Does the Takings Clause have an expiration date?


Author: Luke A. Wake

One of Pacific Legal Foundation's litigation objectives is to ensure that individuals acquiring property have the same rights to make economically beneficial use of their property as preceding owners–including the right to defend the property in court against an uncompensated regulatory taking. We took a step toward achieving that goal in our landmark 2001 victory in Palazzolo v. Rhode Island, when the Supreme Court roundly rejected the so called "notice rule." In that opinion, the Court made clear that government may not put an expiration date on the Takings Clause by barring takings claims predicated upon regulatory restrictions in place at the time a litigant acquires his or her property.

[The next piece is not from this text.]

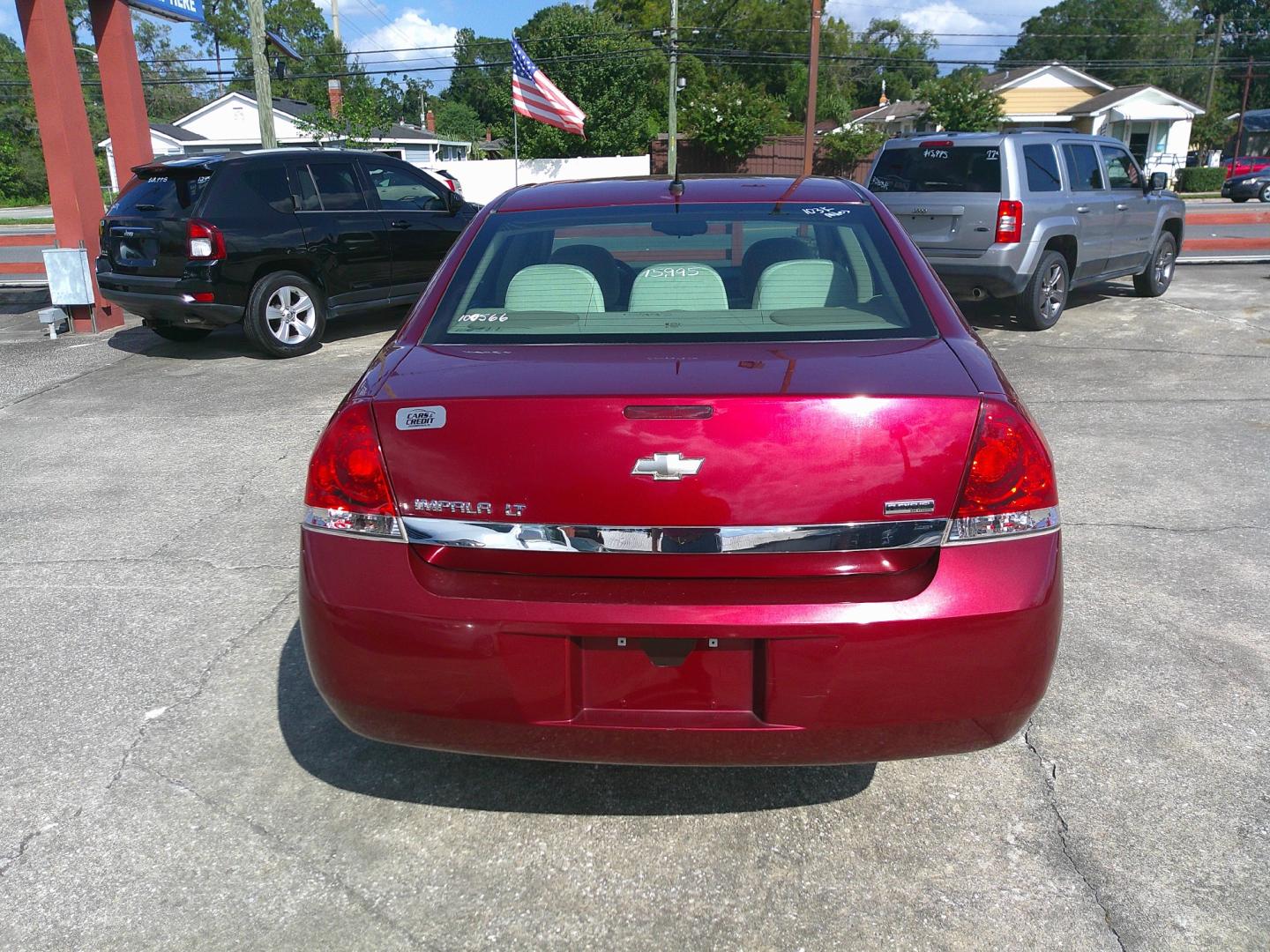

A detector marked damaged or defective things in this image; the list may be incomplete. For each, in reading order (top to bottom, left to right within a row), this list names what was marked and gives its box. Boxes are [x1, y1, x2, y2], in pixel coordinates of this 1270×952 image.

Under the so called "notice rule," courts throughout the country were holding that property owners were barred from advancing takings claims on the ground that they had 'notice' of the challenged regulatory restrictions at the time they acquired their property. As the Court explained, "The theory underlying the argument that post-enactment purchasers cannot challenge a regulation under the Takings Clause seems to run on these lines: Property rights are created by the State… [so] by proscriptive legislation the State can shape and define property rights and reasonable investment backed expectations, and subsequent owners cannot claim any injury from the loss." But, the Court rejected this rationale in stark terms stating that, "The State may not put so potent a Hobbsian stick into the Lockean bundle."

Unfortunately the notice rule continues to rear its ugly head in courts across the country. We may thank Justice O'Connor in part, because her concurrence in Palazzolo left the door open for Courts to consider preexisting regulations in assessing the "reasonableness" of a property owner's investment backed expectations under the Penn Central test. But even more troubling is the fact that courts are still applying blanket rules barring takings claims for post-enactment purchasers.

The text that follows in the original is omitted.